The impact of myriad Chinese trade sanctions on Australian goods in the past year has been "quite limited", with most exporters managing to find other markets, according to a new report.
China has targeted Australian beef, barley, coal, copper, cotton, seafood, sugar, timber and wine.
Before the sanctions, these exports were worth about $25 billion in 2019, or 1.3 per cent of gross domestic product.
As of end-January, the value of these exports to China had dropped to about $5 billion a year, the analysis by Lowy Institute chief economist Roland Rajah shows.
But most exporters - barring wine and beef producers - appear to have managed to shift their goods to markets other than China.
"Looking at exports of barley, copper, cotton, seafood and timber, sales of these products to other markets rose sharply, but only after China's sanctions intensified in late 2020 - with the stark shift signalling this was indeed mostly a result of trade diversion," Mr Rajah said.
"However, Australia's wine industry has struggled to make up for the loss of the premium China market.

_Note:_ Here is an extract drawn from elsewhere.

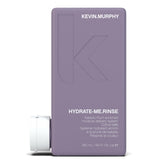 KEVIN.MURPHY HYDRATE-ME.RINSE, botella vertiendo, hidrata cabello seco y suave.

"Total beef exports are also down, though this is more a reflection of supply-side issues after years of drought."
The effect of China's trade sanctions on Australia's exports "has been completely swamped by the booming iron ore trade - which China hasn't been game enough to touch".
"Hence, the total economic impact of China's trade coercion against Australia seems to have been quite limited thus far," Mr Rajah said.
Mr Rajah argues while China had targeted products for which it had alternative suppliers, there were also alternative buyers for Australian goods.
"And this shuffling of global trade is precisely the reason the damage inflicted on Australia has been limited," he said.
The research published on Thursday comes after the federal government urged exporters to look for new Asian markets to combat the economic fallout of coronavirus and strained relations with China.
Trade Minister Dan Tehan on Wednesday released the final report of the Asia Taskforce - a joint project between the Asia Society and Business Council of Australia.
It provides a blueprint for Australia to compete more successfully in the region.
Mr Tehan said business and government needed to work together in order to keep trade with Asia moving.
"The Asia Taskforce does more than make the argument that businesses should expand into diverse markets across Asia," he said.
"It advocates a 'Team Australia' approach and identifies practical, specific actions that business and governments can take to strengthen the presence of Australia, and our businesses, in Asia."
The report proposes focusing on markets and sectors where Australia has competitive advantages, such as healthcare in Indonesia and financial services in Japan, as well as India, Vietnam and Korea.
However, also it found diversification does not replace the need to adjust to Australia's complex relationship with China.
Business Council chief Jennifer Westacott said the rise of Asian economies and their growing middle classes presented strong opportunities for Australian companies.
"But only if we grasp the opportunity," she said.
"If we succeed, Australians will have the best standards of living in the world but if we fail, we run the risk of becoming a second-order economy in a thriving region."